Daha önce Hasanpaşa Gazhanesi, Feshane gibi alanlarda geliştirilen yaklaşımları nasıl değerlendiriyorsunuz?
Hiç tartışılmayacak şekilde yanlış ve hastalıklı bir yaklaşım bu… Bir toplum düşünebilir miyiz ki, tarihin sadece belirli bir dönemine değil, neredeyse tümüne karşı? Sümer Bank mirasını belki ortaya çıktığı dönem itibariyle çok beğenmeyebilirsiniz, eleştirebilirsiniz, sahip çıkmayabilirsiniz. Osmanlı mirasının günahı nedir peki?

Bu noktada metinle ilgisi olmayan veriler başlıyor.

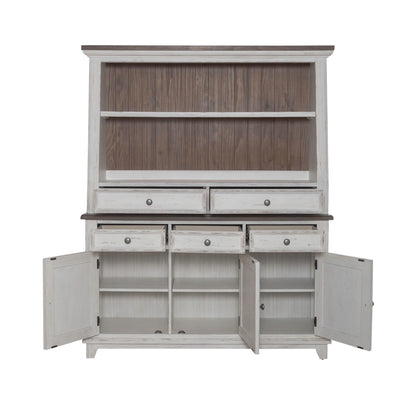 River Place - Server & Hutch - White - Hornell Furniture Outlet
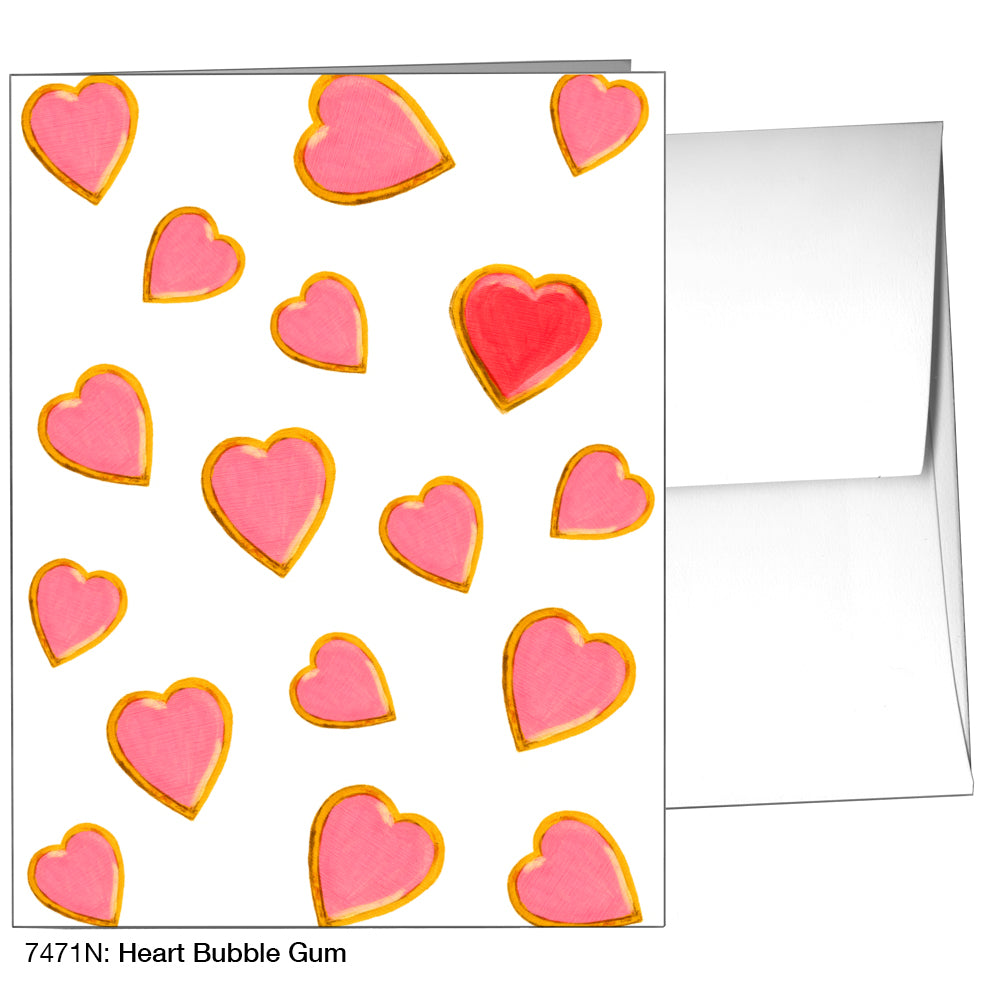 Heart Bubble Gum, Greeting Card (7471N)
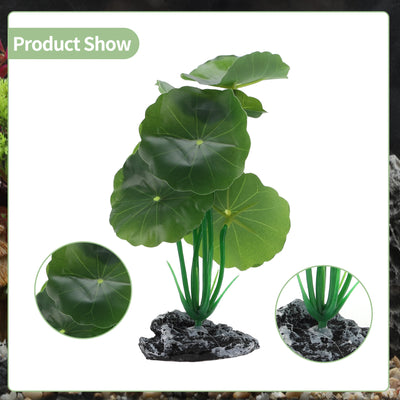 UXCELL Aquarium Plastic Plants Reptile Plant Decoration Artificial Grass Ornaments for Aquarium Fish Tank for Aquatic Pet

Yani burada bir tercih değil, toptan bir reddetme hali var. Toplumun bir kesimi, bütün geçmişini tümden reddediyor. Bu bilinçli bir reddetme hali ve giderek bu reddetme halinin kapsamının genişlediğini görüyoruz. Bu gidişle, bunu çok samimi bir şekilde söyleyebiliriz, Süleymaniye, Topkapı Sarayı’nın varlığı da tartışmaya açılır hale gelecektir.